Making the Beast Beautiful - What The Red Herring
Making the Beast Beautiful

So, reading Furiously Happy opened me up to reading more books about anxiety.

I decided to acknowledge anxiety as the uncool friend who never leaves you alone when I had my third kid. My first inkling that I was the nervous type was a day in my high school cafeteria when a guy friend suggested I was a little too uptight (*shrug* I probably was). But until now, besides the general work I’ve been doing to better understand what makes me tick and how I can cope better with my life, I had never done any reading specific to anxiety.
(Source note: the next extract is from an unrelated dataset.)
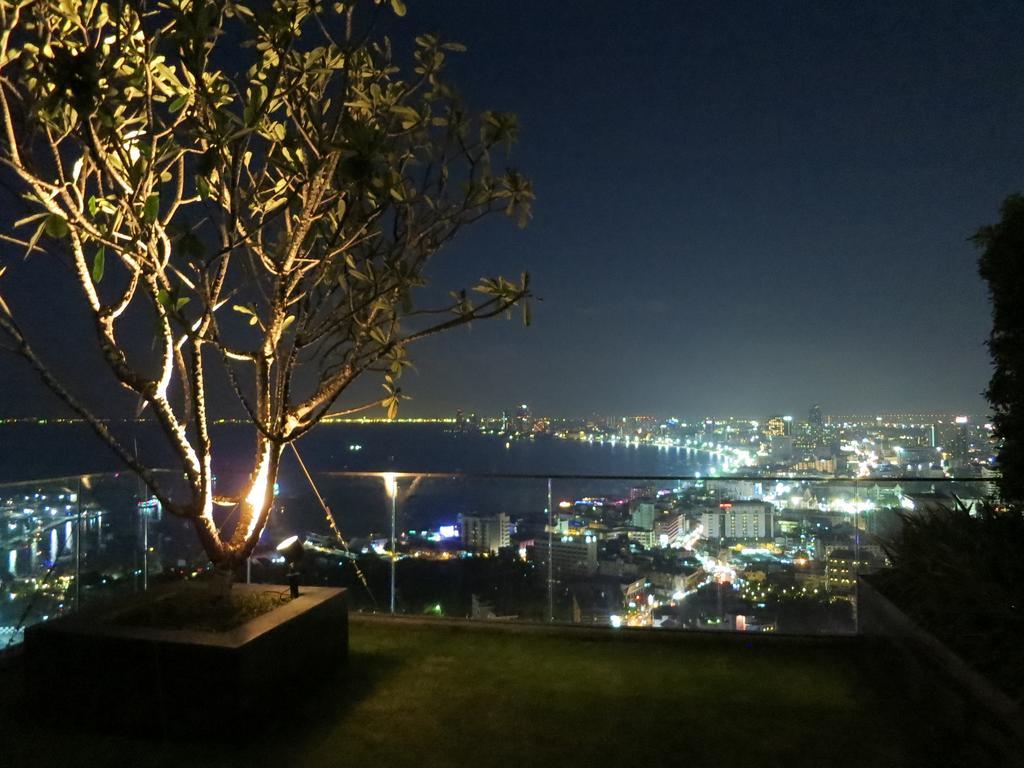 Jp'S Unixx Residence Club Pattaya Buitenkant foto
In typical over-achiever fashion, before I’d even finished Furiously Happy, I chose three MORE anxiety titles, for a total of four, and planned an anxiety book-reading binge. This whole time, I had a nagging feeling that an anxiety book binge was a bad idea. It was a bad idea. I finished the book I picked up after Furiously Happy, barely took a breath, and dove into a third book. I immediately hit a wall. I had two more anxiety books from the library, and no steam whatsoever. But I so enjoyed the one that I read, that I want to share it.

The book I read was But First, We Make the Beast Beautiful: A New Journey Through Anxiety, by Sarah Wilson.

I’ve read a number of books recently that were perfectly suited to audio form. This book, on the other hand, is perfectly suited to print. From its gorgeous cover, which I could get lost gazing at, to its layout, to the little asides in the margin to clarify details, I loved it immediately. It is a book for book lovers.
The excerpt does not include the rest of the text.